Problem to solve: The answer must consist solely of the lines below starting at the one containing "12 en español" and ending at the one containing "Piney River Ranch", repeated exactly, with both ends included and all pictures omitted.

Input records:
[Start of section]

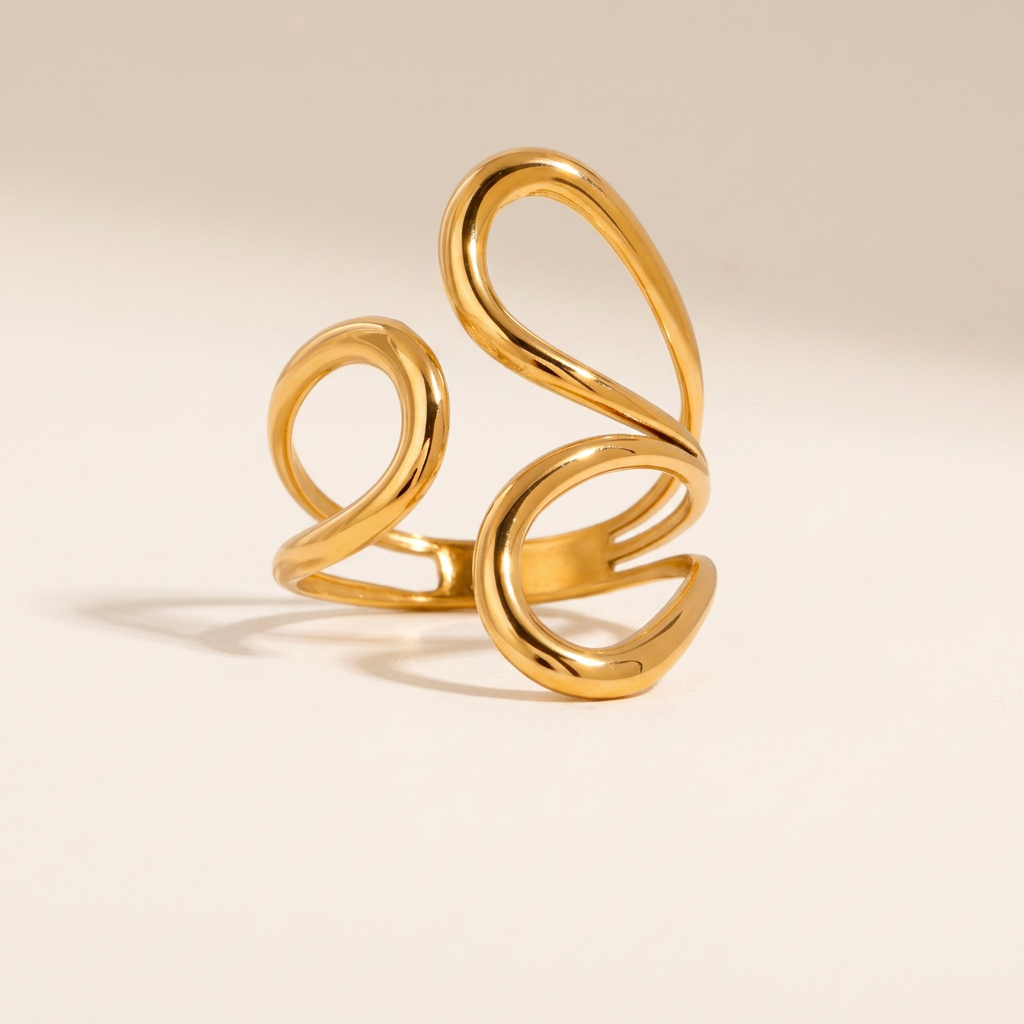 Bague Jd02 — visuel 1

[End of section]
[Start of section]

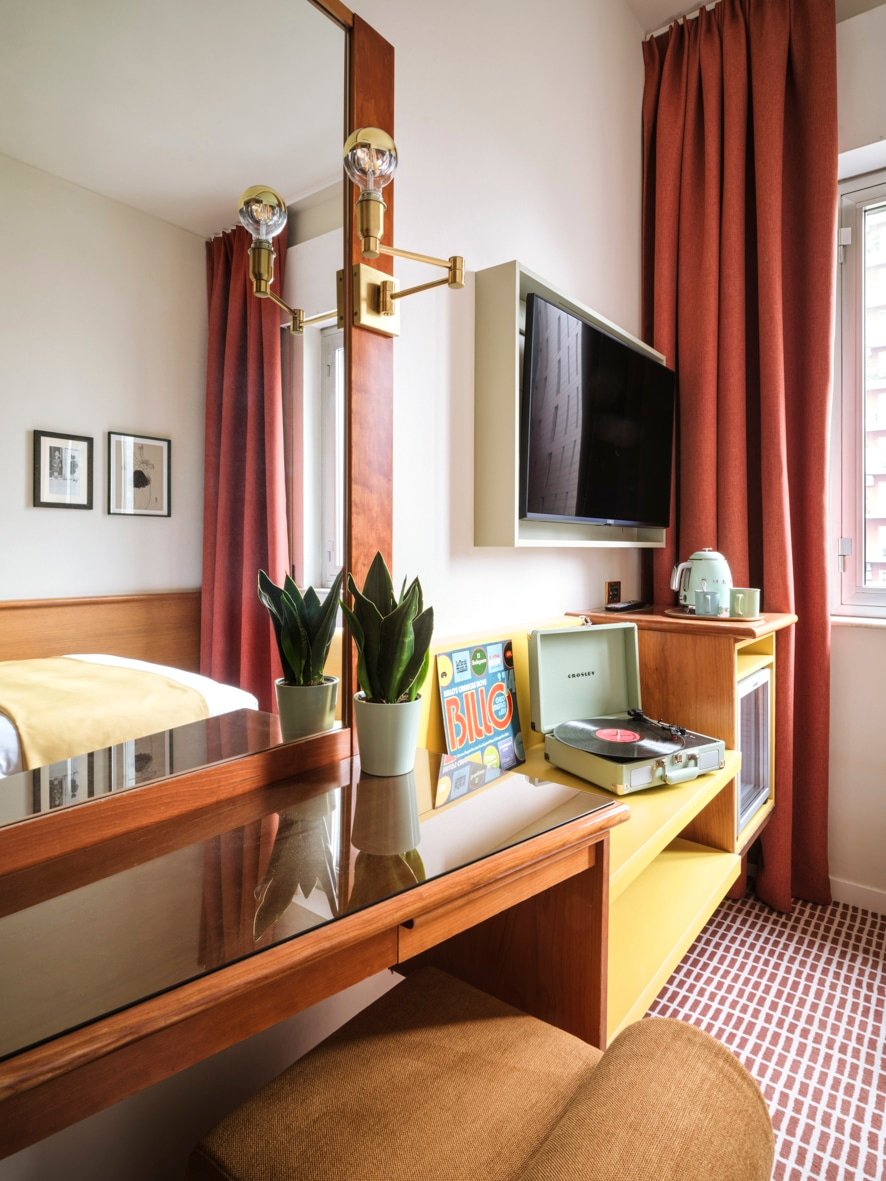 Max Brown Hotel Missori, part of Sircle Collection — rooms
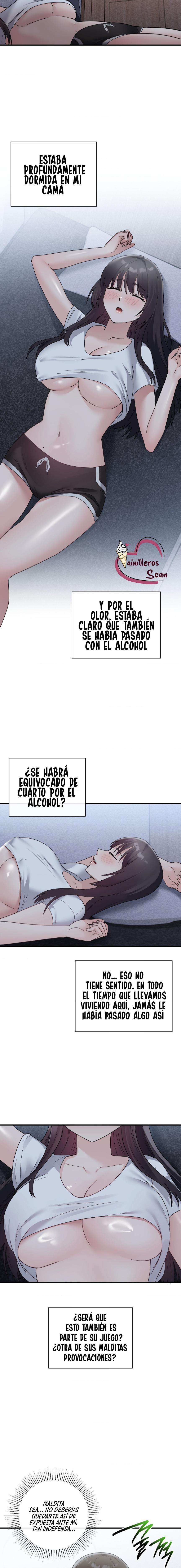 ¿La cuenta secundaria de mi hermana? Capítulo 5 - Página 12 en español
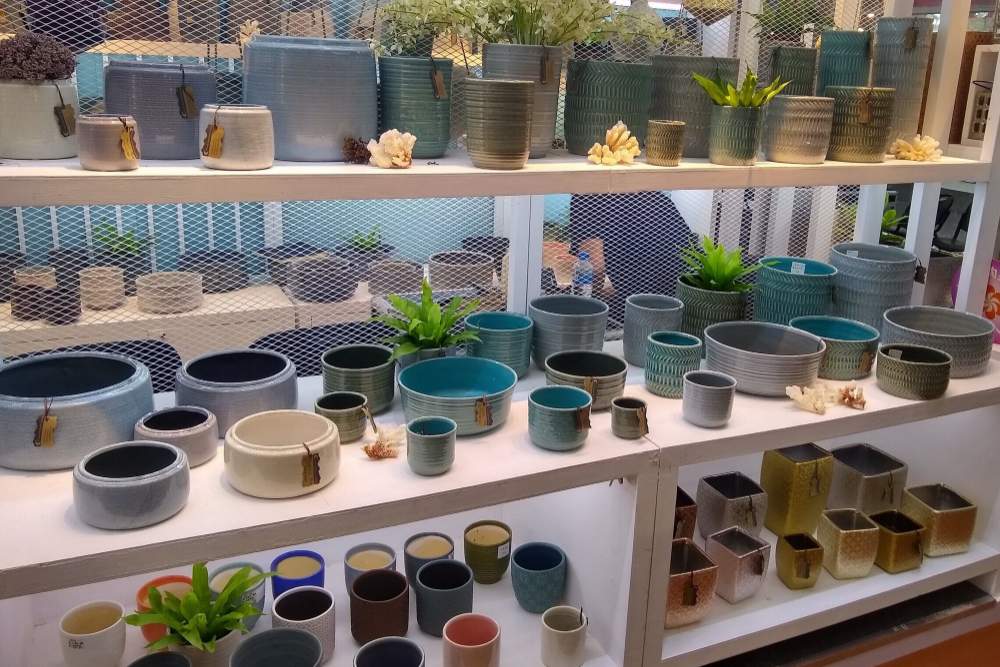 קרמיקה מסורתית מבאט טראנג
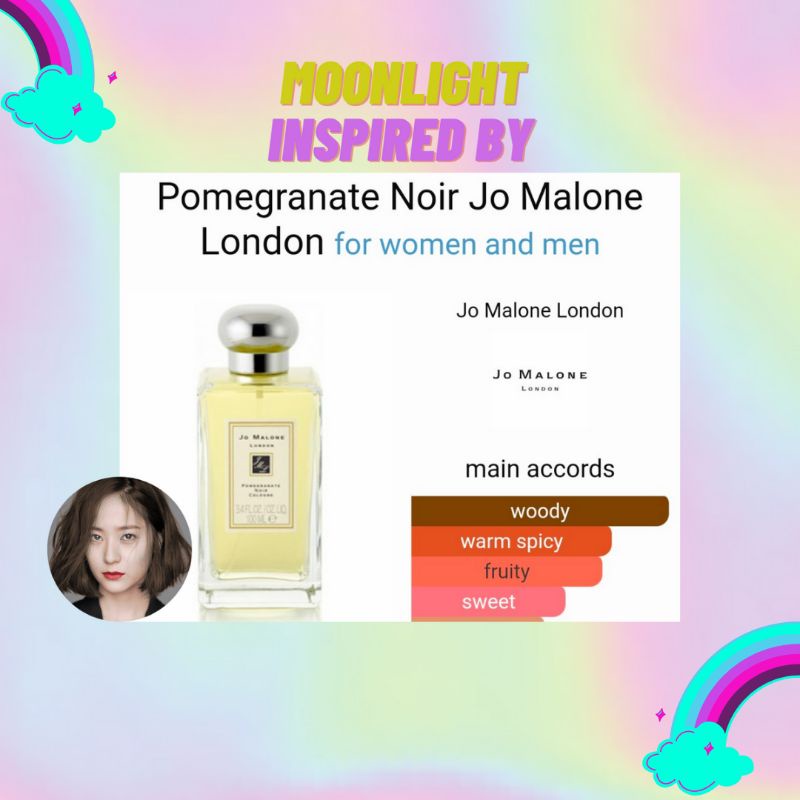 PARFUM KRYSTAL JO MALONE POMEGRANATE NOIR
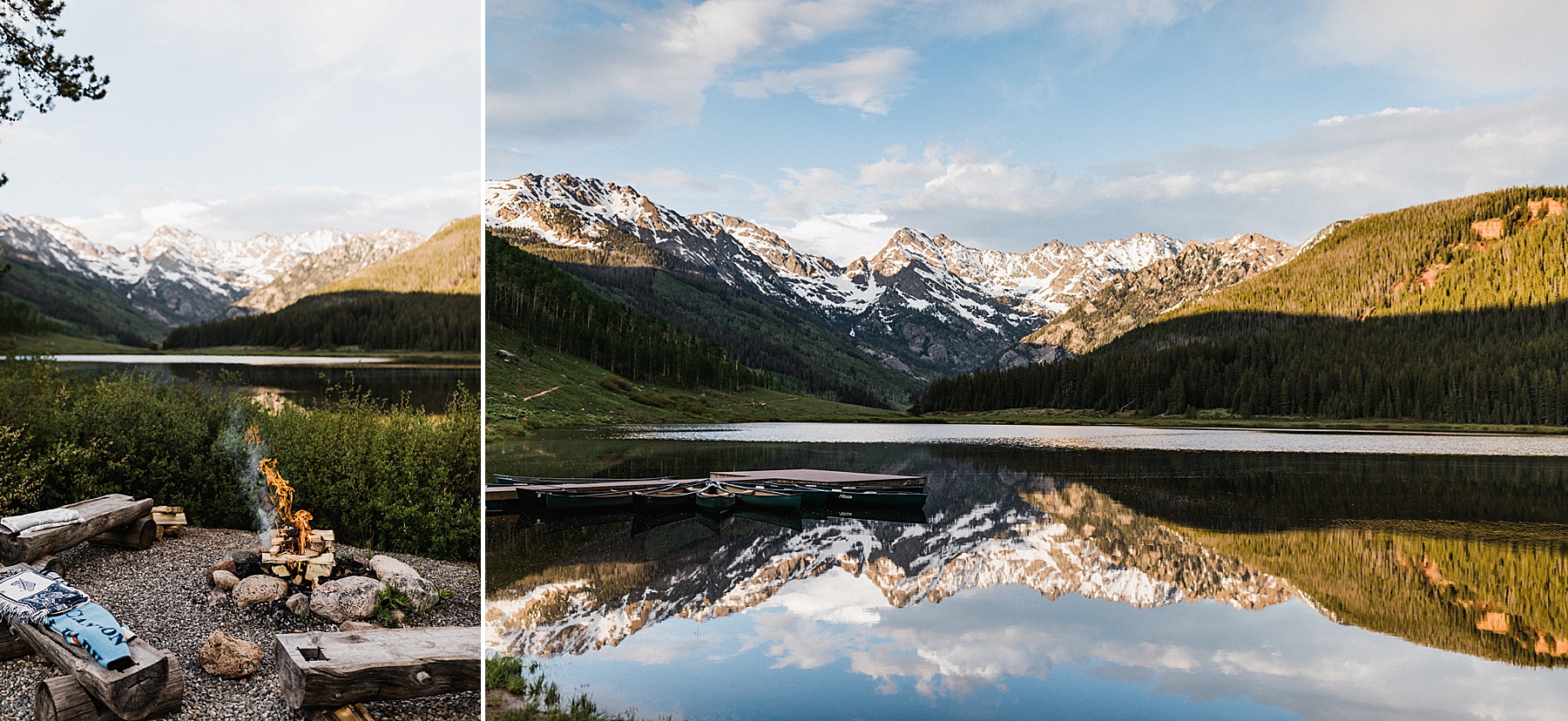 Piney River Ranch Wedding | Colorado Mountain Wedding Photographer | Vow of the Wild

[End of section]
[Start of section]

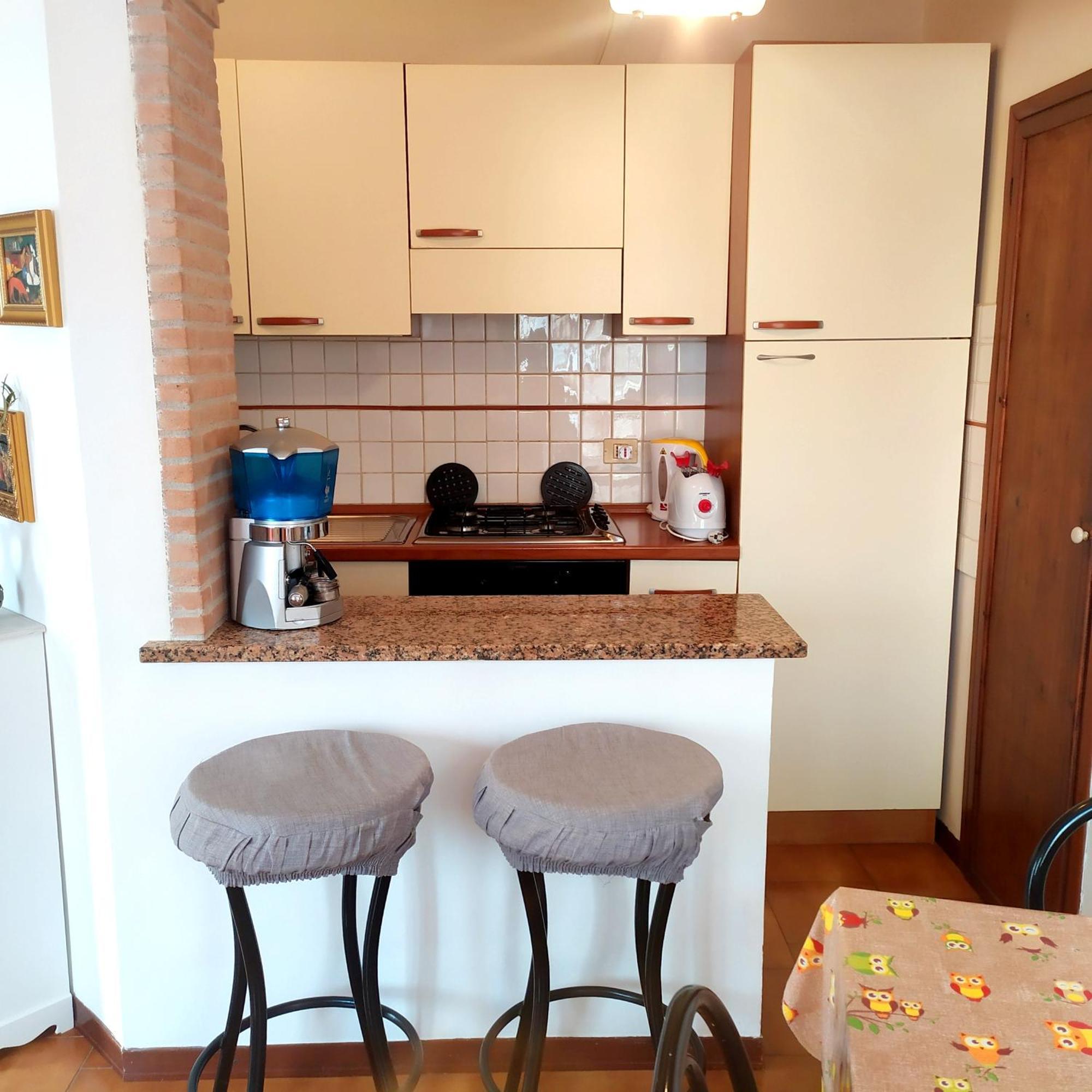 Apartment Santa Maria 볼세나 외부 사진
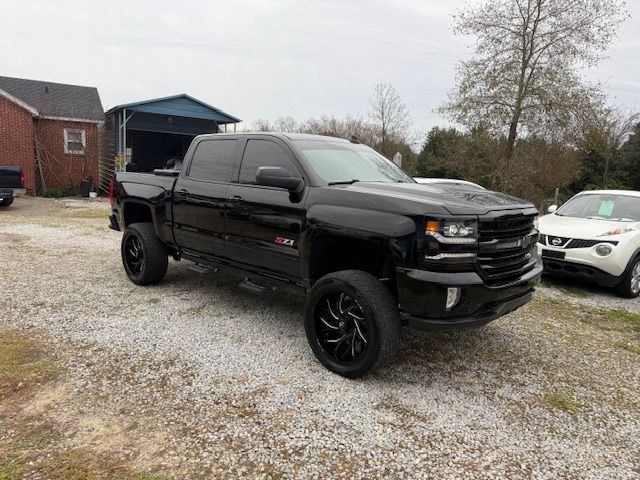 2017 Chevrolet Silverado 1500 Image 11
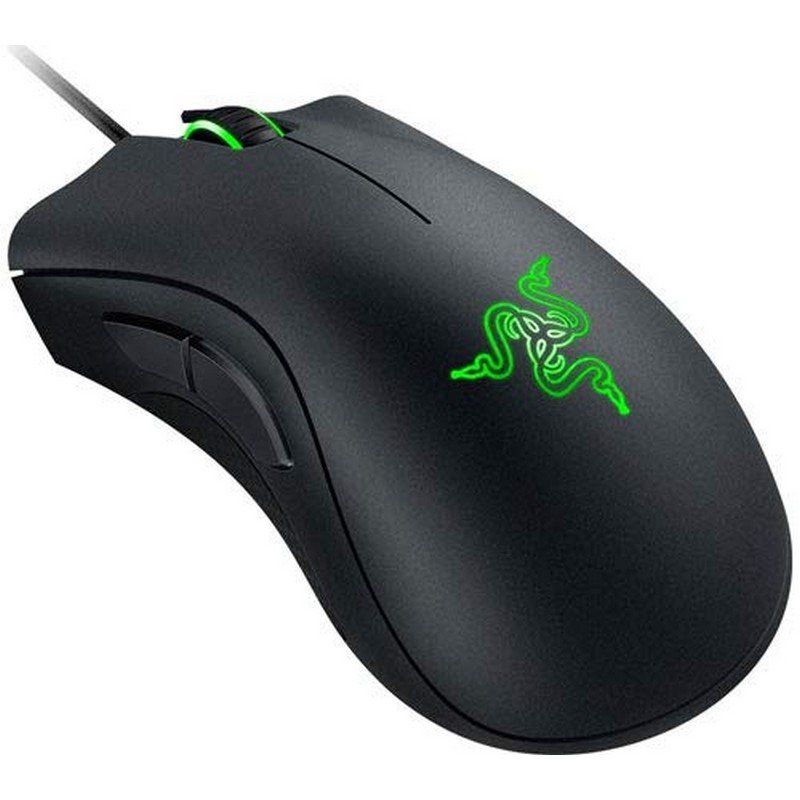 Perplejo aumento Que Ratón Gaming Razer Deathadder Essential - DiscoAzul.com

[End of section]

Exercise answer:
 ¿La cuenta secundaria de mi hermana? Capítulo 5 - Página 12 en español
 קרמיקה מסורתית מבאט טראנג
 PARFUM KRYSTAL JO MALONE POMEGRANATE NOIR
 Piney River Ranch Wedding | Colorado Mountain Wedding Photographer | Vow of the Wild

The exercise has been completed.